When I started my Green Giants (Irish Author Spotlight) feature, my hope was that I would help other readers find Irish Authors to enjoy. I didn’t realise that it would also introduce me to great writers that I might never have come across. Such as Evie Gaughan, who approached me to read and review The Cross of Santiago. She only had to mention the magic words, Galway and Time Travel, and I was in!
First Line of The Cross of Santiago:
“Wake up Amanda, wake up!”
My Thoughts on The Cross of Santiago:
This book has two settings and I loved both. The first is contemporary Galway – a small, vibrant city in the West of Ireland; a city that is full of fun and art, one I always love to visit. I feel the book really captured the tone of modern Galway really well. The second setting is the failed voyage of The Spanish Armada fleet in 1588. This setting has won this book a place in my heart forever.
If you know nothing about the Spanish Armada and how so many of the ships were shipwrecked on the coast of Ireland and Scotland; then worry not, this book will fill you in. I had forgotten so much of this part of history that it was fantastic to revisit it and I ended up having great discussions about the battle and their mission with my husband who is a history fiend.
I kept imagining this part of the book as a film. The vision of the ships taking 2 days just to leave the port of Lisbon due to sheer numbers is such a spectacular image. I love books that engage your brain and make you want to research more which is exactly what this book did to me.
However this book is not just a book about history (as amazing as the historical setting was); it is also full of intriguing characters. The main characters are Amanda and Xavier. And I have to say both of them have made some very dubious decisions in their lives and I find it hard to say which of their wrong turns I despise more. Despite that I can see how lost both of them are and how both are willing to grow and learn with a little guidance and inspiration from the past.
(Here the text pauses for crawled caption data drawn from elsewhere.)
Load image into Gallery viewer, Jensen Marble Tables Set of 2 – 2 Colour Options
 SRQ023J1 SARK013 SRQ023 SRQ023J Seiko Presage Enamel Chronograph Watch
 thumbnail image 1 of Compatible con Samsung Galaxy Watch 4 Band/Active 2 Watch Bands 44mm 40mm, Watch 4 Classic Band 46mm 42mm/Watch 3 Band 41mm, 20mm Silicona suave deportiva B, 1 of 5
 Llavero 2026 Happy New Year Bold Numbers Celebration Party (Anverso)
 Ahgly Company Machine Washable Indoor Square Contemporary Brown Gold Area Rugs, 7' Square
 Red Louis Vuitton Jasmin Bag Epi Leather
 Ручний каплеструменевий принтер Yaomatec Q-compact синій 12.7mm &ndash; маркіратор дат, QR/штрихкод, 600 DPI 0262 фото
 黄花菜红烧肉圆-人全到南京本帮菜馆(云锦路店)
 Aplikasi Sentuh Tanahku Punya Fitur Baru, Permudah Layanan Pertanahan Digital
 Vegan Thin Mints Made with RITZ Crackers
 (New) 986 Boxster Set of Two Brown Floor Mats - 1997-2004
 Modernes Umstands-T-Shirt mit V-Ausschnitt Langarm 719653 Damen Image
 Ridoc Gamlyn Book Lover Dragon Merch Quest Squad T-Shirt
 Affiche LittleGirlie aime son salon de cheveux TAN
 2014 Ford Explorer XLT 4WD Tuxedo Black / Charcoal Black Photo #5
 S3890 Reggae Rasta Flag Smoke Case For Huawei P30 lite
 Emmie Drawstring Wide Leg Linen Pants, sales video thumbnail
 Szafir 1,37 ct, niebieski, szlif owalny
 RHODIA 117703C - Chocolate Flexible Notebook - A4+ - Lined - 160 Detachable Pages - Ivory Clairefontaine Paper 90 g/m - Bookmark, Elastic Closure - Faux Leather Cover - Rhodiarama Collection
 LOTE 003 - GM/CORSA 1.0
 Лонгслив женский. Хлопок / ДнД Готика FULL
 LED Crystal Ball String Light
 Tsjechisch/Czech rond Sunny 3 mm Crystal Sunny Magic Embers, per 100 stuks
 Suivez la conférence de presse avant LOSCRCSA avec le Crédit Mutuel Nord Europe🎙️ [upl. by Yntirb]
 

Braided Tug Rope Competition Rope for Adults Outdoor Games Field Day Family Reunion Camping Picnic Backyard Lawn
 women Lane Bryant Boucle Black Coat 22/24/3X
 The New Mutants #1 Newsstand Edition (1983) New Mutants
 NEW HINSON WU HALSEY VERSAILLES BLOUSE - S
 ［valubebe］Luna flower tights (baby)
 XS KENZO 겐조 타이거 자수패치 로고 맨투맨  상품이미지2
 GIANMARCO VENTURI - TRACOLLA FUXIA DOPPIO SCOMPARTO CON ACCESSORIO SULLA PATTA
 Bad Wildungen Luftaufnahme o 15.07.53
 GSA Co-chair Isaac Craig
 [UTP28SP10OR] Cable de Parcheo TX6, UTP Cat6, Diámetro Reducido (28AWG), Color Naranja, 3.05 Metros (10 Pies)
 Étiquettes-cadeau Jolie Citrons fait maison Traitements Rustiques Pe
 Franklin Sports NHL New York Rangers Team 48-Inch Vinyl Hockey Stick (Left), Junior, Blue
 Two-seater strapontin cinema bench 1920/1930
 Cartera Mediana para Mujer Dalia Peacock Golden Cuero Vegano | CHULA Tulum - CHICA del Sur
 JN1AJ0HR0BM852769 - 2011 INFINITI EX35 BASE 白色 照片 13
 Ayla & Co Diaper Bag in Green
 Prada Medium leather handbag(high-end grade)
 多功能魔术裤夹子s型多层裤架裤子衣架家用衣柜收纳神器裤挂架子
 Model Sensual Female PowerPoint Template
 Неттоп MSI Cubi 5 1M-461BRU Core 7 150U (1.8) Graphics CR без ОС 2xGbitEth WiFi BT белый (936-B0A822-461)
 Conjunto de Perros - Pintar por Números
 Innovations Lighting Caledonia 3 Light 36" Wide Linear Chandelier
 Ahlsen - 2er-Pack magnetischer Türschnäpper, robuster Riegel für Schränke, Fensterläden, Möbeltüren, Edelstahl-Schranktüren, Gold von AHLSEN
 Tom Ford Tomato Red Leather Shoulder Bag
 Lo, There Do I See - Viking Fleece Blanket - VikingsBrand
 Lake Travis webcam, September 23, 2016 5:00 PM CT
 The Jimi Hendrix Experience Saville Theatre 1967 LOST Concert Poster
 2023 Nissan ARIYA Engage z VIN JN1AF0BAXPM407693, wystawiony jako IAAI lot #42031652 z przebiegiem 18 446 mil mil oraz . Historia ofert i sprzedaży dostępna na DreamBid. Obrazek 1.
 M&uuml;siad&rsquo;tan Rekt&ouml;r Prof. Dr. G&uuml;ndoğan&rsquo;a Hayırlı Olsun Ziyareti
Their ancestors from the sixteenth century are a different matter. A knight and a peasant girl; their morals and sacrifices shine through the centuries. Annora and Miguel seem to encompass everything that Amanda and Xavier should be but they also hint at the potential that they will blossom into.
Overall, this book has a little bit of everything; an epic romance, adventure, great locations, well researched historical fiction and some dream interpretation. The mixture of the two stories leads to a snappy, well paced story that kept me excited and invested in the plot. And when I wasn’t reading the book, I was thinking about the book and talking about book; always a good sign!
Who should read The Cross of Santiago?
I’d strongly recommend this book to all who enjoy historical fiction, especially those who love romantic historical fiction. Also to anyone interested in Irish history or contemporary Ireland; you will find lots of facts here but they are wrapped up neatly in a well told story so it never becomes over-whelming.